Des enjeux qui dépassent le groupe hospitalier
L’origine de cette décision, à savoir le lourd déficit du groupe Hélora, est dû à un sous-financement de la part du gouvernement. C’est pourquoi les secteurs du Non Marchand ont manifesté le 7 novembre dernier, rassemblant à Bruxelles plus de 30 000 personnes. Il est urgent que les autorités refinancent massivement tous ces secteurs, essentiels à la population et au bon fonctionnement de la société. C’est en raison de tels sous-financement que les hôpitaux font le choix de la déshumanisation de leur service, avec des conséquences directes pour l’emploi, mais aussi sur la qualité globale des soins. De plus, d’autres hôpitaux ont déjà recours aux mêmes programmes.
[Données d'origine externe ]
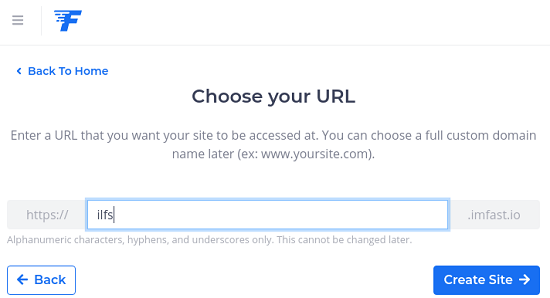 choose url file io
Le risque est donc bien réel de voir de telles annonces surgir dans tout le pays.
Un préaccord conclu
Début février, la direction et les syndicats se sont quittés sur un préaccord qui a ensuite été validé par les secrétaires médicales. Celles-ci pourront choisir un départ volontaire avec un préavis payé et une prime mensuelle selon l’ancienneté. Si elles souhaitent rester, une cellule de reclassement qui a démarré le 10 février et s’étend sur une période de 9 mois. Les secrétaires médicales seraient ainsi formées à d’autres jobs au sein du groupe Helora. Enfin, il leur sera aussi proposé de diminuer leur temps de travail.
Le bassin Ouest face aux restructurations
Du côté du bassin Ouest, autour de Mons, une action de grève a également eu lieu, quelques jours après l’annonce de la direction de fusionner des services. Ainsi, certains services en doublon seront déménagés pour ne former plus qu’un, permettant ainsi des économies d’échelle. Malgré cette grève, le dossier montois a été moins conflictuel : la mobilisation a permis d’engager des négociations axées sur la sauvegarde de l’emploi dans toute la région, aboutissant à des garanties pour une période de deux ans.
Malgré cet accord temporaire, les incertitudes demeurent, notamment avec le projet de construction d’un super hôpital montois. Une telle structure impliquerait inévitablement une réduction du personnel. La question du site retenu pour ce futur hôpital fait encore débat. Helora possède un terrain à Jemappes, mais les études de mobilité y sont peu concluantes et l’opposition des riverains complique la situation. De plus, l’urgence est réelle : pour bénéficier des subsides, les travaux doivent impérativement débuter avant la mi-2026. D’ici là, les travailleurs restent dans l’expectative, en attente des décisions politiques et stratégiques qui façonneront leur avenir.